The Native Tourist
reformed/biblical observations on Christianity and culture

Tuesday, July 27, 2004
Getting the Cultural Commission Right
Chuck Colson can be so right at times about culture. So full of insight. And he can be infuriatingly wrong so often as well. A case in point is this piece from ChristianityToday.com:

"That people still raise this question surprised me. "Of course we're called to fulfill the Great Commission," I replied. "But we're also called to fulfill the cultural commission." Christians are agents of God's saving grace—bringing others to Christ, I explained—but we are also agents of his common grace: sustaining and renewing his creation, defending the created institutions of family and society, critiquing false worldviews."

Colson continues:

"Understanding the cultural commission is especially critical as we approach a decisive election. We know what a key role our elected leaders play in culture war battles. But many pastors question whether it's appropriate to urge their flocks to vote for politicians who support moral issues—or even to engage in moral debates."

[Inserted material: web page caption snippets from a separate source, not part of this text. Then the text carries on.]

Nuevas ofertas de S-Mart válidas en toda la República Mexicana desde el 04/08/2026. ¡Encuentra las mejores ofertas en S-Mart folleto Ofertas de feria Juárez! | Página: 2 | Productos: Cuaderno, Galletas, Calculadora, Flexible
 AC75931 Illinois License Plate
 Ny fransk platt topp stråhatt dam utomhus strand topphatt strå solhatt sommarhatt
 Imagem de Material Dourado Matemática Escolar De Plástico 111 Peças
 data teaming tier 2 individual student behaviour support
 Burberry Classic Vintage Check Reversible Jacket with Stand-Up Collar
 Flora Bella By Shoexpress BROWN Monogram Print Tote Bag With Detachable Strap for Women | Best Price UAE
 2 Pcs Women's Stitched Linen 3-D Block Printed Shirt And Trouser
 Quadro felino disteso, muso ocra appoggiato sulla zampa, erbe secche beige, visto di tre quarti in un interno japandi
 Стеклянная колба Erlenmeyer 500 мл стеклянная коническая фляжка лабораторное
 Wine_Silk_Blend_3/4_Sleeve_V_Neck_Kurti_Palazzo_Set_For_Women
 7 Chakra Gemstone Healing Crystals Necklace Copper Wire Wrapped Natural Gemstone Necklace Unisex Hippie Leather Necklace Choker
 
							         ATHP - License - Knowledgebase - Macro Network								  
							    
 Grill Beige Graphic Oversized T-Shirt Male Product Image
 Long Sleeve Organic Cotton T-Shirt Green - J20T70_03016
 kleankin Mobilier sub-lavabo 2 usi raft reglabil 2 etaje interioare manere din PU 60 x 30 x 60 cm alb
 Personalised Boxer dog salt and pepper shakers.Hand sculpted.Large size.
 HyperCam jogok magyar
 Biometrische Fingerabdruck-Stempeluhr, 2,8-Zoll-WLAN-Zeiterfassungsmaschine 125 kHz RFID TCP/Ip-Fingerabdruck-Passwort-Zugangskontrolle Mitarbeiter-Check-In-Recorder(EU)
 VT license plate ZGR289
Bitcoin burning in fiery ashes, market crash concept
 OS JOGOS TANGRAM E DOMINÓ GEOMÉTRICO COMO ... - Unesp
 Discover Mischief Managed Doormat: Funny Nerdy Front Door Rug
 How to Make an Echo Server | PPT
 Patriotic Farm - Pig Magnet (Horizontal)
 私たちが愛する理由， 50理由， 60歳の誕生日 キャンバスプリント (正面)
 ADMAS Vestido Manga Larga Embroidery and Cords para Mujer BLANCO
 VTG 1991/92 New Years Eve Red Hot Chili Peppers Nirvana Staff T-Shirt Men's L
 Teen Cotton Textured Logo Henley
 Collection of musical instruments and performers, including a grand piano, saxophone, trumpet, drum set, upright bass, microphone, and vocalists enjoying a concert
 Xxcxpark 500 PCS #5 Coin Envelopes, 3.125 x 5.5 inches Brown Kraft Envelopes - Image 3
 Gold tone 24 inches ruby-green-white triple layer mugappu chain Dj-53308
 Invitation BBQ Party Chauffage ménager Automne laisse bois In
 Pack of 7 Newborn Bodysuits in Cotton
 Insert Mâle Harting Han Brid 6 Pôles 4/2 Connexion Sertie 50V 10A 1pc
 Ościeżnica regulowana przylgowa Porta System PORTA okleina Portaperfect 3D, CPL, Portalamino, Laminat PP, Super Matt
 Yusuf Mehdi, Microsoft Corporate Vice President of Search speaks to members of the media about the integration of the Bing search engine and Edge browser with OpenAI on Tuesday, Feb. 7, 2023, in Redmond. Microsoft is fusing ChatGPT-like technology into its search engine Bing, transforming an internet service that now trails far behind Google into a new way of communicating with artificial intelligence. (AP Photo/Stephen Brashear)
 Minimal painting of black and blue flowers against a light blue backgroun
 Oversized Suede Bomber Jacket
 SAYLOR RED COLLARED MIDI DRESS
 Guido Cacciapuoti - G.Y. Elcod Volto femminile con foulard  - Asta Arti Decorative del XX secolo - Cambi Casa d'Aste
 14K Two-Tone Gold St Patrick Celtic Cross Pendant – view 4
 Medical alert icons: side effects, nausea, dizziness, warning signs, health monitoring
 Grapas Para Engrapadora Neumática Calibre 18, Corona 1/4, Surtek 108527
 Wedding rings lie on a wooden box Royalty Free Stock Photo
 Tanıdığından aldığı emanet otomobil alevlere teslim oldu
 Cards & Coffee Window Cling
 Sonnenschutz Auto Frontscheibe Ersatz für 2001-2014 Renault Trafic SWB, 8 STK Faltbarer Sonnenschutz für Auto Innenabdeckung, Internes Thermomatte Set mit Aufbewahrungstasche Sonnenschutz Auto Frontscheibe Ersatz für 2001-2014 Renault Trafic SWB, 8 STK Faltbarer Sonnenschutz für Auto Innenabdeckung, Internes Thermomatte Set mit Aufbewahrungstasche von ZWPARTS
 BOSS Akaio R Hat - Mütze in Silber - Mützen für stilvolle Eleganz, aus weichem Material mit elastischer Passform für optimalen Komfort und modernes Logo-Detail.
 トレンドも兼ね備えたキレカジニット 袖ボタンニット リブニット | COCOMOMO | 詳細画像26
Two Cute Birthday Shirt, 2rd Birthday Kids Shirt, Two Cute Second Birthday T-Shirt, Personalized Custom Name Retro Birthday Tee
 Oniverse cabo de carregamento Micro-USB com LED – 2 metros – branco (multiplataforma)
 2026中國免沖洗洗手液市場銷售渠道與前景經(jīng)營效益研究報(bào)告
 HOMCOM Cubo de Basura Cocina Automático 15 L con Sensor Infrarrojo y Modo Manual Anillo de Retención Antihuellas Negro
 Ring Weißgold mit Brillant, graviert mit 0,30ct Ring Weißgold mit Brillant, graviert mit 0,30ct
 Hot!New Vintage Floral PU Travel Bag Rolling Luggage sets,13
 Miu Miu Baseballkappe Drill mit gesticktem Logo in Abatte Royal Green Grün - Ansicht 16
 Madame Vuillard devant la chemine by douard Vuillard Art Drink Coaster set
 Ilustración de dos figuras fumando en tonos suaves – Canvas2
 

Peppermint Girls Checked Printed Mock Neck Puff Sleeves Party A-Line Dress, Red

First of all Colson does what so many evangelicals do: he mixes up (or at least equates) culture-making with political involvement. Politics is important, but it is only one tiny part of culture.

Second, he fails to see that the "Great Commission" and the "cultural commission" are not separate, parallel commissions but are one and the same thing. People are saved and restored in order that they may fulfill the original edenic commission, as I have argued in Plowing and elsewhere.

The church will get nowhere in cultural matters until we get this right.